Dopo un’asta del 1888, gran parte delle opere sono passate nelle mani dei Salvadego, per ornare il castello di Padernello e oggi sono disperse in diverse collezioni private. Tra le tele del ciclo vi è l’Incontro nel bosco, caratterizzato da un intenso naturalismo, in cui una bambina dai vestiti logori incontra, nel bosco, un mendicante cieco.

La descrizione della sofferenza e della miseria offre uno sguardo grottesco, ma anche partecipativo nei confronti di una società dimenticata, ma anche riscoperta grazie alle teorie pre-illuministe. Dal punto di vista stilistico e cromatico, Giacomo Ceruti adotta un linguaggio schietto e una tavolozza bruna e terrosa, che si ritrova anche nelle altre opere dello stesso genere.

Ne sono esempio Donne che lavorano al tombolo, Piccola mendicante e donna che fila, I due pitocchi, Mendicante moro, Mendicanti che mangiano, Bevitore, Uomo con boccale e Donne che lavorano, tutti dipinti realizzati tra gli anni Venti e Trenta del Settecento.

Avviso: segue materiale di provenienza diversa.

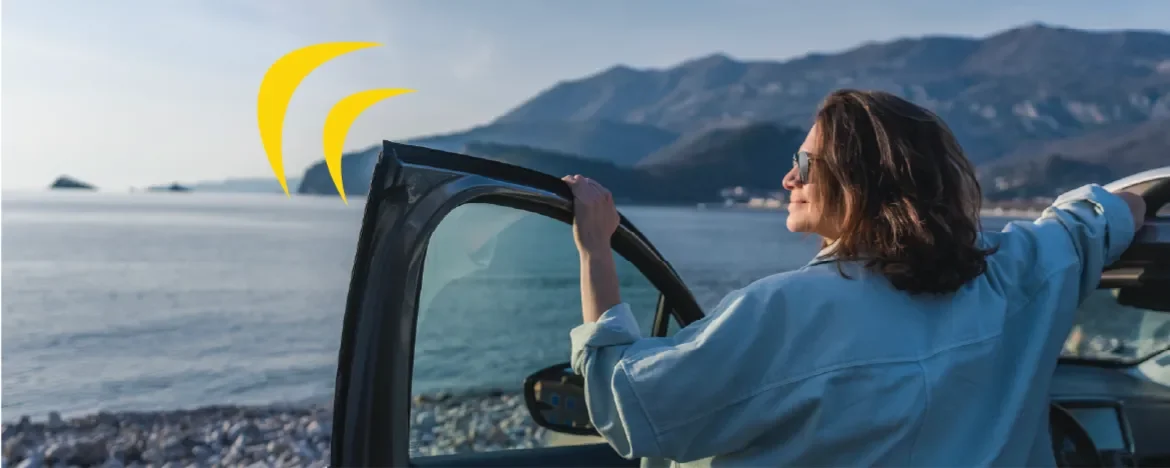 Woman stood outside car, looking at the sea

Giacomo Ceruti. Una tavolozza più accesa

Alcune tele escono fuori dalla narrazione della povertà di pochi personaggi e presentano un respiro più ampio e una tavolozza più accesa. Appartengono alla fase veneziana e sono ambientate in taverne e luoghi chiusi, come Gioco di carte, in cui diversi personaggi formano gruppi che danno vita ad altre scenette di genere contenute nella principale, come una donna che muove la culla del figlio, un uomo che riposa, uno che beve un fiasco di vino.

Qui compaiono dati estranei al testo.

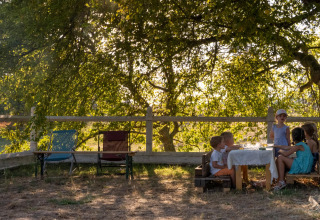 Kinder sitzen an einem Tisch unter einem Baum im Feather Down La Ferme de Fontenille Ferienpark, Spanien.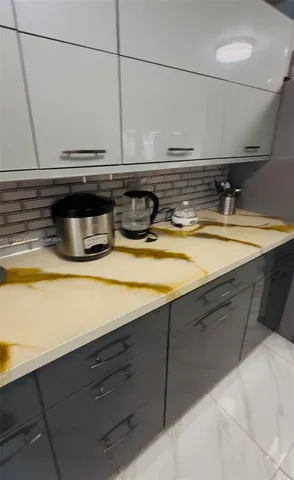 a view of a sink with wooden cabinets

Dopo il trasferimento a Venezia, per il maresciallo Schulenburg realizza una delle sue tele più famose, I tre pitocchi che segue la scia delle Due sorelle, risalente ancora al periodo bresciano. Per quanto riguarda i ritratti, Giacomo Ceruti utilizza sempre lo stesso indirizzo naturalistico che si rifà ad una certa pittura del Seicento olandese, come si nota dal Ritratto di giovane gentiluomo, dal Ritratto di prelato, dalla Donna anziana e dal Bevitore.